Skip pictures in the listing below; copy exactly the lines from the one with "25pcs Transparent Kraft" through the one with "Chaises longues, serviettes de plage", inclusive.

Records supplied:
- - -
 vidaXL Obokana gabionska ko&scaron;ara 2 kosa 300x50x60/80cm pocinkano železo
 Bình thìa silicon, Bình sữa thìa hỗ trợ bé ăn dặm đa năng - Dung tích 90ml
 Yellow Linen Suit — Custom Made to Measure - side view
- - -
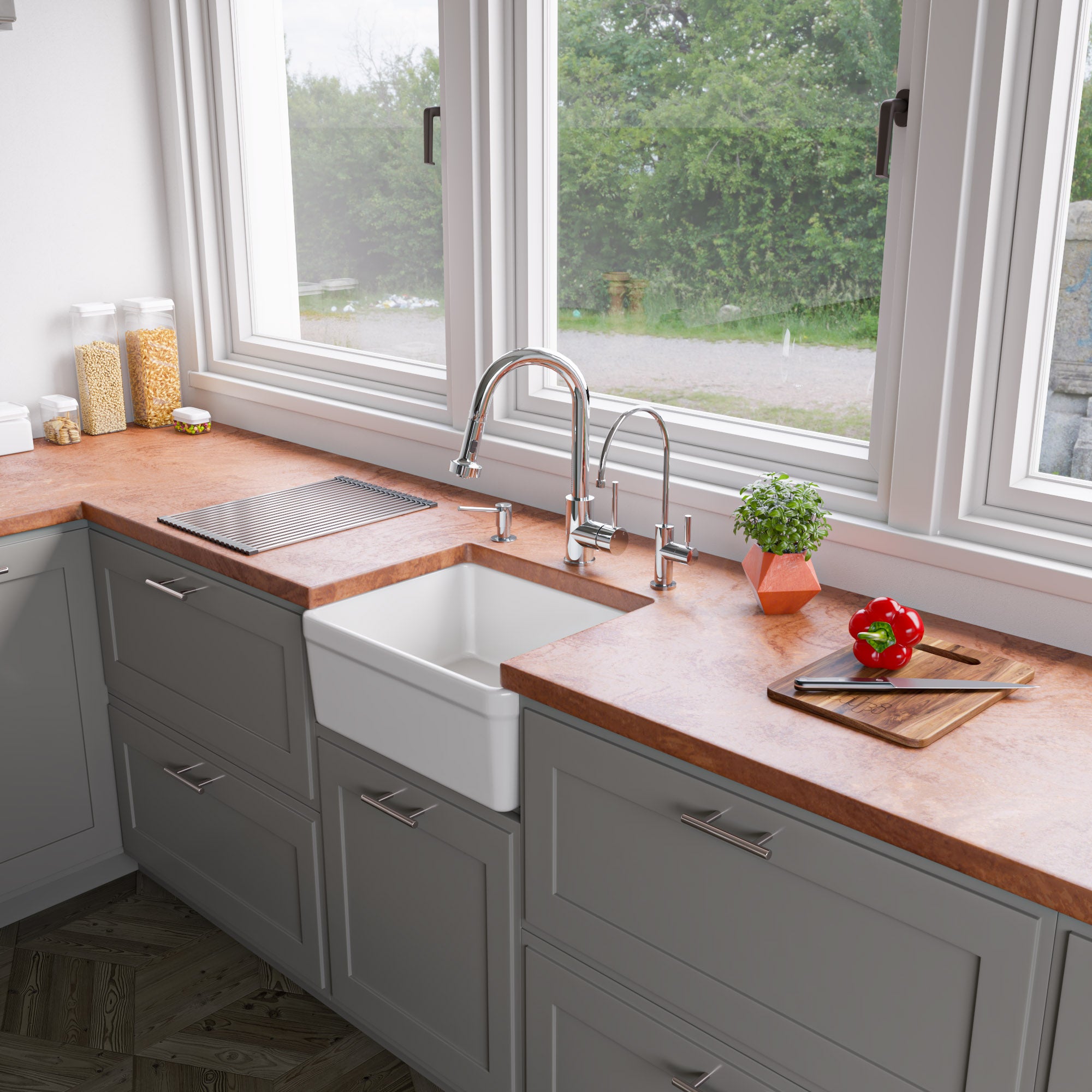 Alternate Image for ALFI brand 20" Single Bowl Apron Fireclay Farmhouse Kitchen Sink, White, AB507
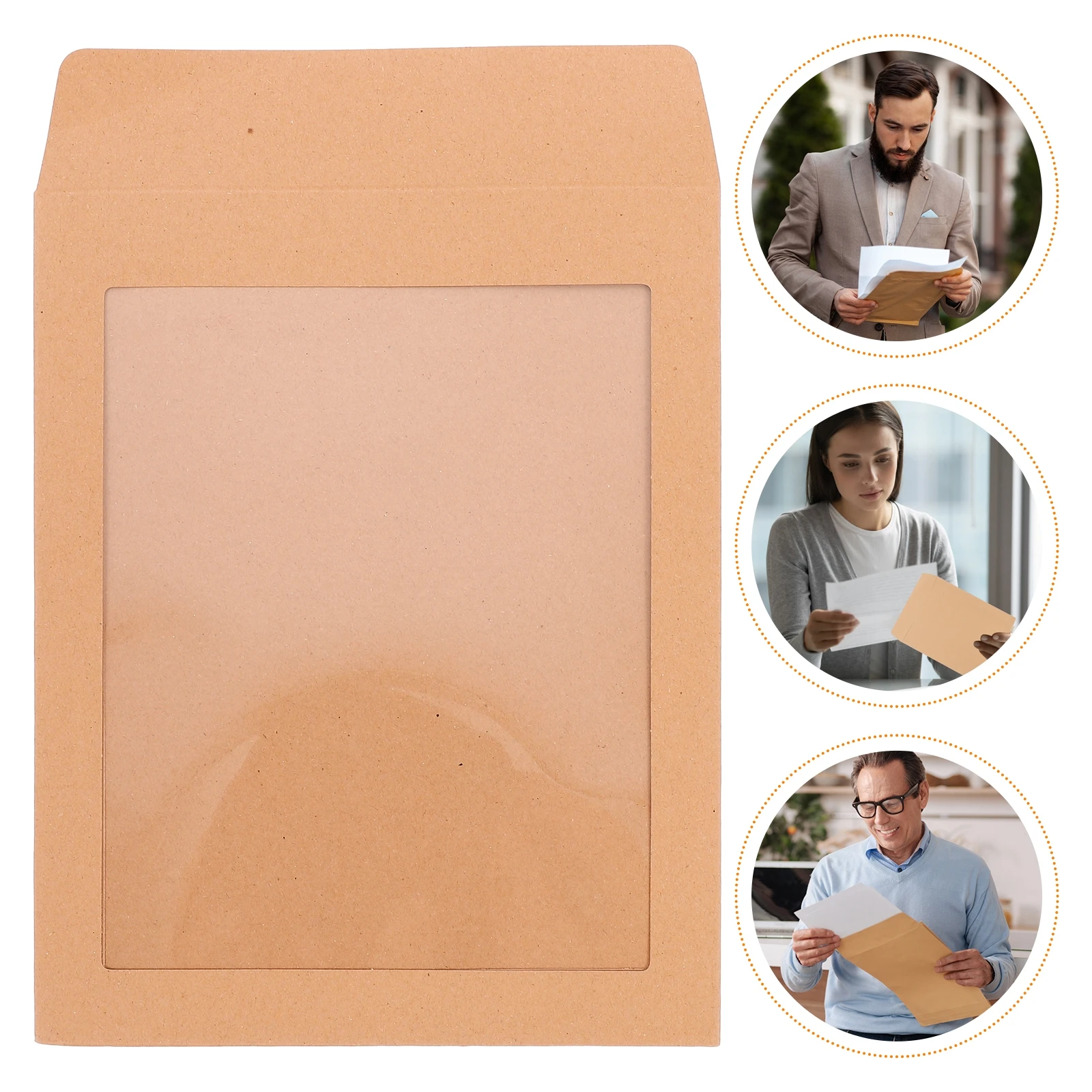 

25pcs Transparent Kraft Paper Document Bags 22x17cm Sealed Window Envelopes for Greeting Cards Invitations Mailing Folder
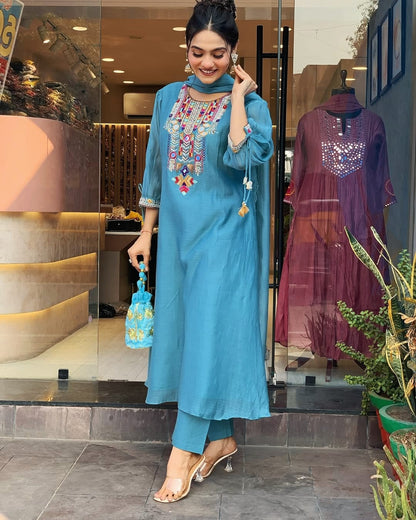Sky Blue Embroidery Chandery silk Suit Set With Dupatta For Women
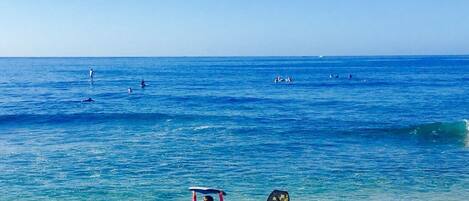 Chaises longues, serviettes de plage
- - -
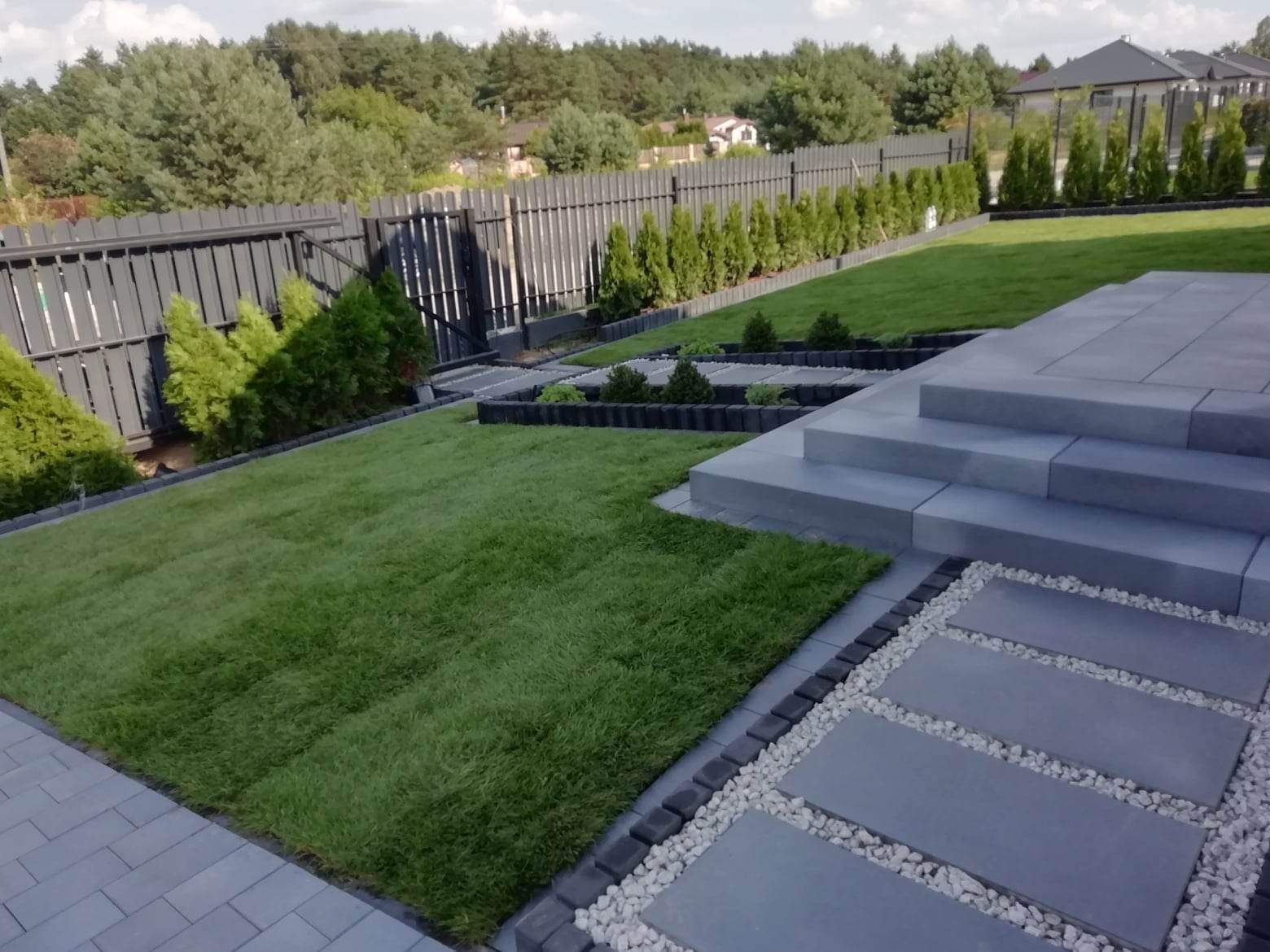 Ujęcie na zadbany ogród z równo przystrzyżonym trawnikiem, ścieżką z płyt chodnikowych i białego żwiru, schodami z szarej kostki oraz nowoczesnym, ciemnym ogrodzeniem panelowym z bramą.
- - -
Task answer:
25pcs Transparent Kraft Paper Document Bags 22x17cm Sealed Window Envelopes for Greeting Cards Invitations Mailing Folder
Sky Blue Embroidery Chandery silk Suit Set With Dupatta For Women
 Chaises longues, serviettes de plage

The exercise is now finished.